Kiss Me Deadly by Alexis Ashe. Topics in Performance Studies - Performance of Craft.
Project Description:
For this project, created for my Performance of Craft class, I wanted to bring the guilty pleasure, in all its sheer delight, to the forefront. My painting, Kiss Me Deadly, featuring 1980s and 1990s music icons Lita Ford, Tom Keifer and Grace Jones, is presented on a large canvas (48 x 36) that also showcases a large disco ball, a tipped over martini glass, dropping olives in its wake and a large stage in the forefront. This creation is a celebration of 1980s rock, where sensory pleasures of all types were glorified. The three characters I painted, along with the hedonistic background, are each, in their own way, icons of guilty pleasure. 1980s rock icon Lita Ford crouches in her metallic dress from her “Lita” album. Her music embodies intensity, drama and sexiness. The painting also showcases Tom Keifer of the hair metal band, Cinderella. When I listen to Keifer and Cinderella describing a woman, I feel empowered. Next is my rendition of Grace Jones, in her role in as the vampire stripper Katrina in "Vamp". Katrina is a strong sexy role, and I feel that she too typifies 1980s glam guilty pleasures, with campy and glamorous notes, the perfect guilty pleasure. My painting is presented on a large canvas because oversized works are dazzling and eye-catching. I want viewers to indulge in the excess of art that was created only for beauty and drama and to allow craft to glamorously lean into its “feminine pastime” persona.

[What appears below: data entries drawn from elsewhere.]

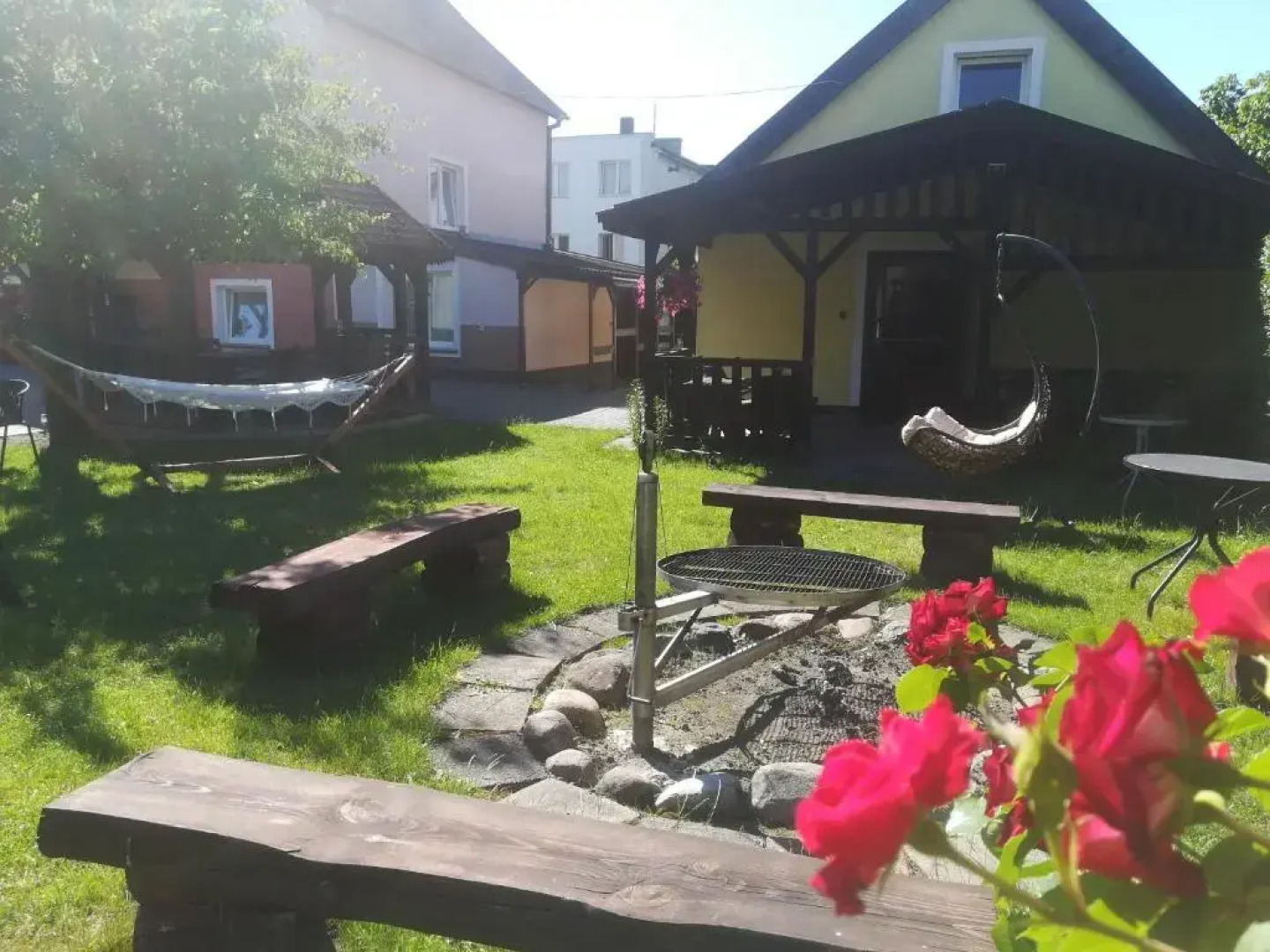 Pokoje Goscinne Ewa Nowicka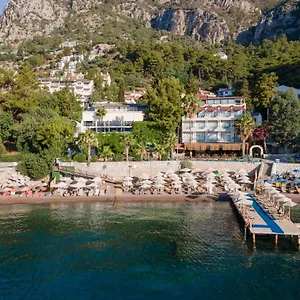 3* Hotel Mavi Deniz
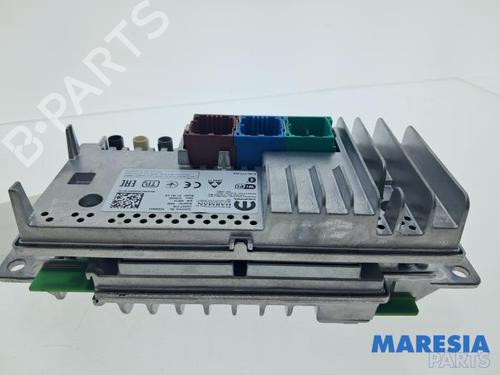 Electronic module FIAT 500e (332_) Elektro 3+1 (FA1) | BP36093209M83 - Image 3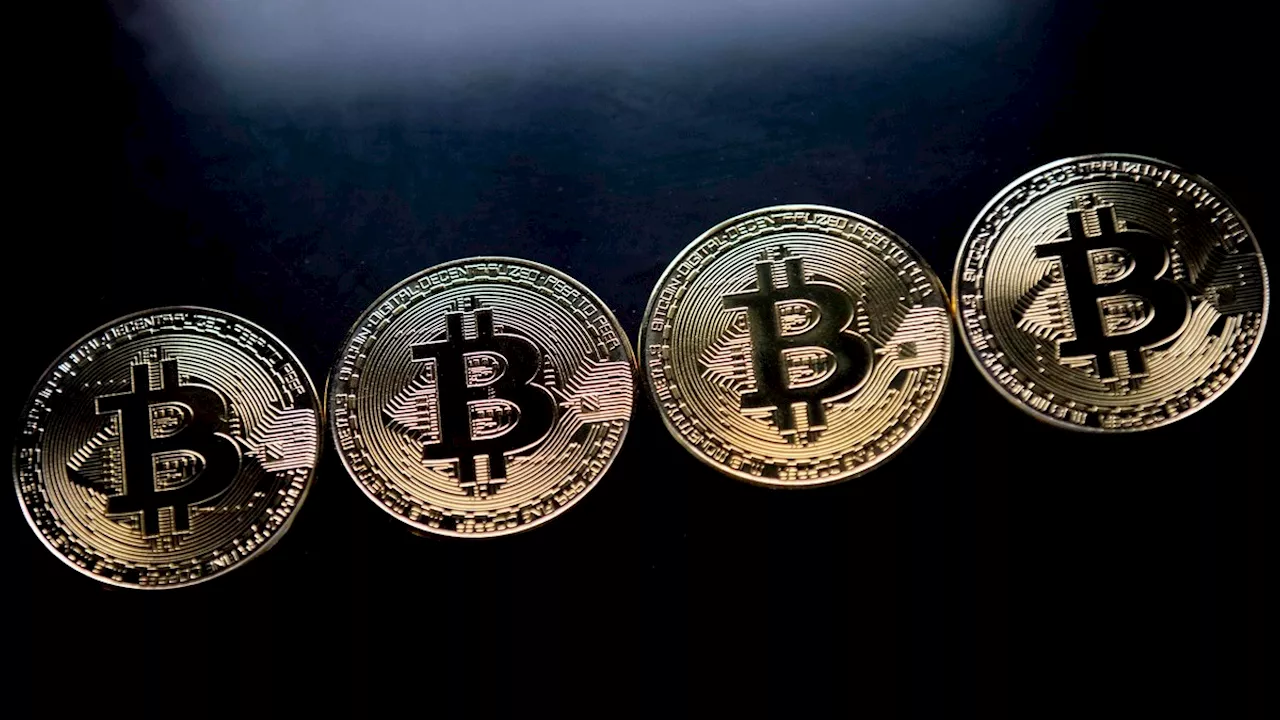 BITCOIN TEMBUS 100.000 DOLAR AMERİKA SERİKAT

Faculty Response by Barbara Browning:
Alexis was a member of a seminar I taught last semester on Craft and/as Performance. This was an advanced seminar in the Department of Performance Studies, and as the title suggests, I was hoping to make an argument that while performance is increasingly making inroads in the world of visual art, craft, with its inherent focus on process, was always already, in the words of curator Valerie Cassel Oliver, "inextricably linked to performance." I was delighted to have Alexis as a participant in this conversation, because with her ongoing artistic practice (as a painter and collage artist) and her experience working with a gallerist, she was particularly aware of the art historical context framing our study. She also brought to the table a nuanced approach to the feminist theory that guided many of our discussions. On a practical level, she gamely took on new craft techniques, and on a theoretical level, she was always curious and exploratory, willing to push the discussion in challenging directions. While clearly invested in questions of gender politics, she never defers by default to reductive notions of what that might mean. Her final project included a large-scale artistic work, accompanied by an imaginative artist's statement that included personal narrative and poetry in addition to an artistic credo. It ended, tellingly, "My painting is presented on a large canvas... I love the idea of a guilty pleasure taking up space, especially in an academic setting... I wanted to allow both myself as the artist and the viewers to indulge in the excess of art that was created only for beauty and drama and to allow craft to glamorously lean into its 'feminine pastime' persona." What I found most impressive about Alexis was her unapologetic embrace, precisely, of this notion of the "guilty pleasure" - a pleasure which animates not only her visual art, but also her writing about it. Her capacity to both create and enjoy a shamelessly femme world of expressivity is striking. Alexis is refreshingly willing to ask questions, live with contradictions, and experiment with possibilities.